» **Your objective**:
Apart from the images, the records below need to be copied exactly.

» **Records to process**:
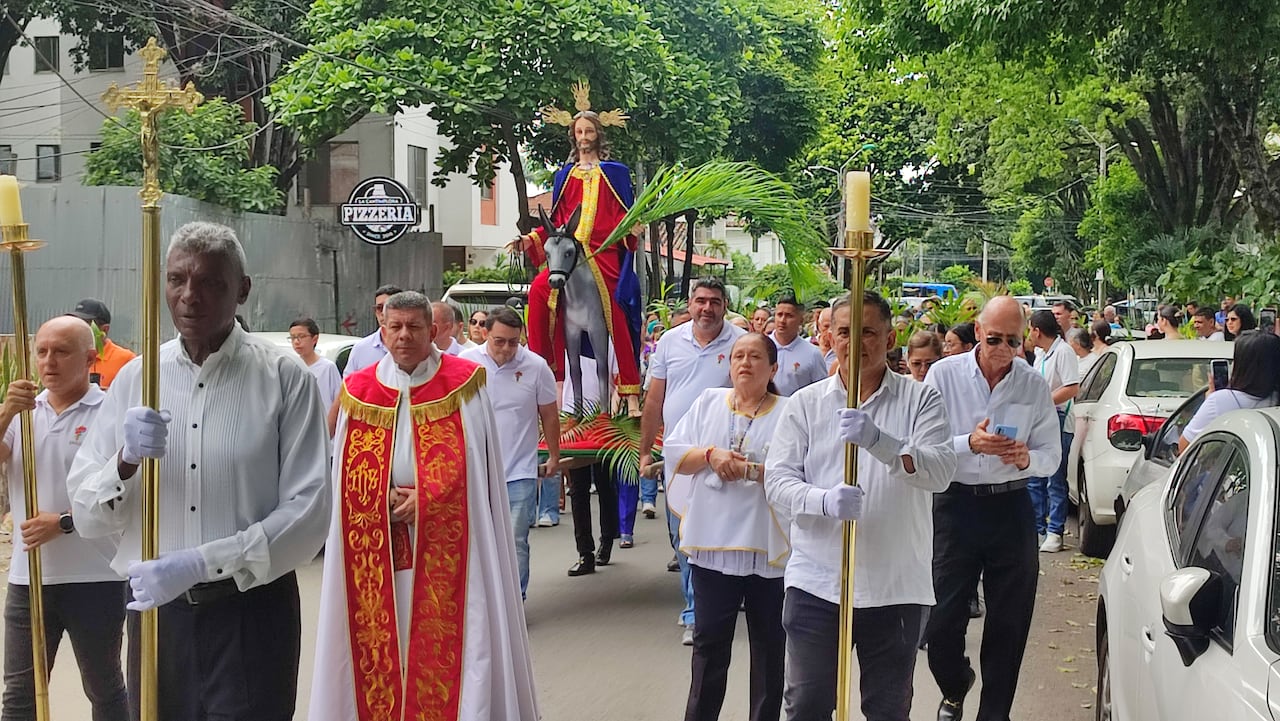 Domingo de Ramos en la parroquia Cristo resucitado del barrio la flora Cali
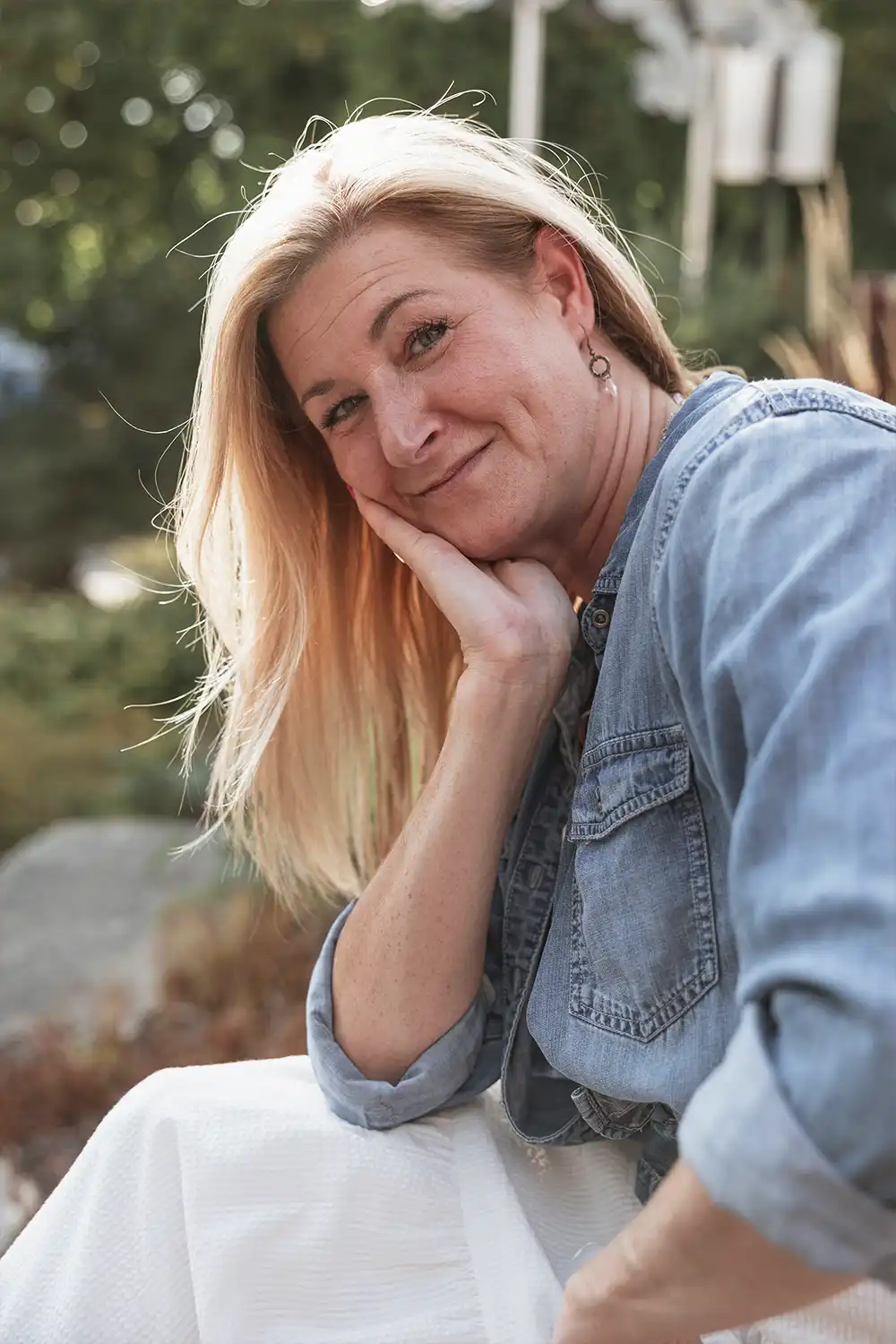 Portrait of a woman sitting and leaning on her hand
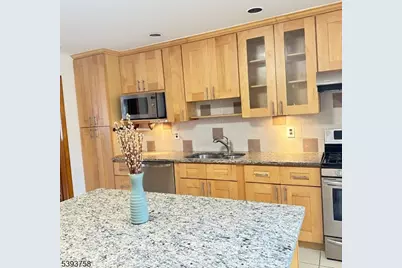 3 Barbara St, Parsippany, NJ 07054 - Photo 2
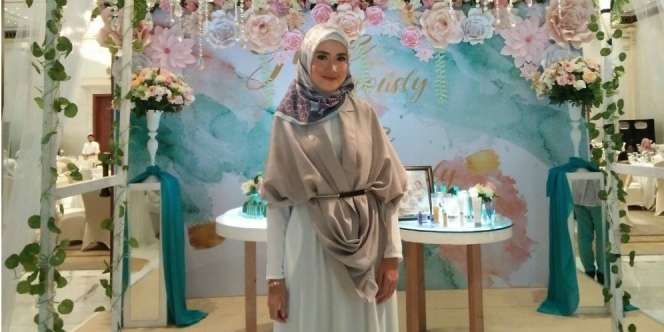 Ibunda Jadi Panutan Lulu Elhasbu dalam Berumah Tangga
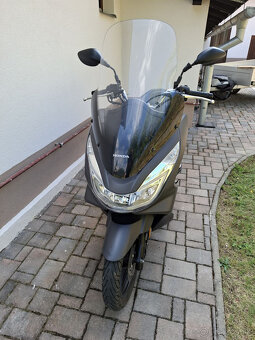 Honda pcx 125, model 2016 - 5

» **Response to the exercise**:
 Domingo de Ramos en la parroquia Cristo resucitado del barrio la flora Cali
 Portrait of a woman sitting and leaning on her hand
 3 Barbara St, Parsippany, NJ 07054 - Photo 2
 Ibunda Jadi Panutan Lulu Elhasbu dalam Berumah Tangga
 Honda pcx 125, model 2016 - 5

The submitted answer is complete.